*INFORMATION SUPPLIED:*
┄┄┄┄┄┄┄┄┄┄
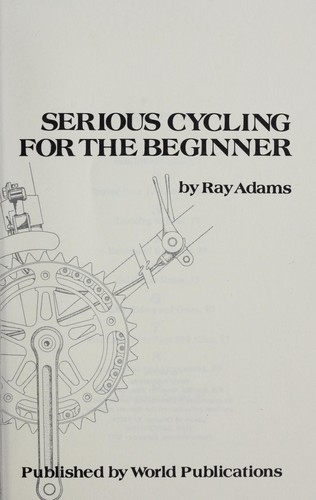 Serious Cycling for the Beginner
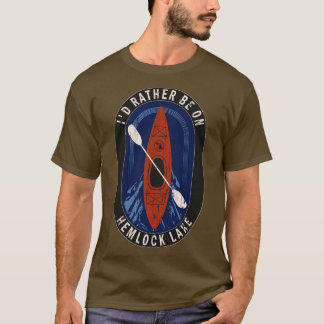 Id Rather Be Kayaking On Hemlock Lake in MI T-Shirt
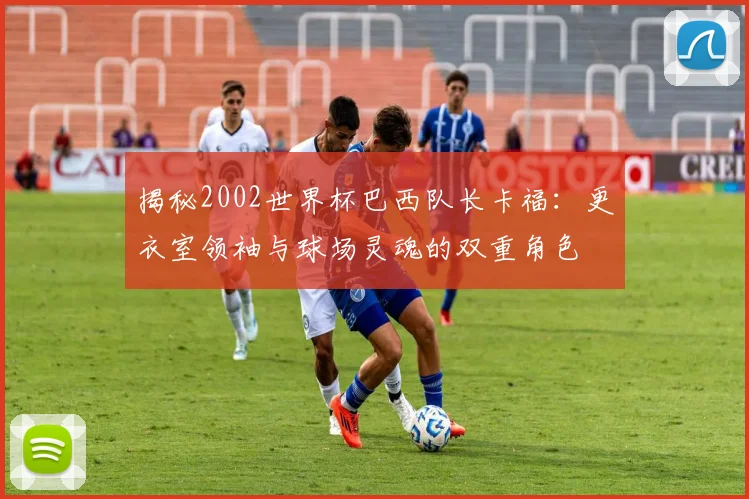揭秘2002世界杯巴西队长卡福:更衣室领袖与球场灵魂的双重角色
┄┄┄┄┄┄┄┄┄┄
*EXERCISE DESCRIPTION:* Write the material above out again exactly as it reads, but don't carry over the pictures.

*PROBLEM SOLUTION:*
 Serious Cycling for the Beginner
 Id Rather Be Kayaking On Hemlock Lake in MI T-Shirt
揭秘2002世界杯巴西队长卡福:更衣室领袖与球场灵魂的双重角色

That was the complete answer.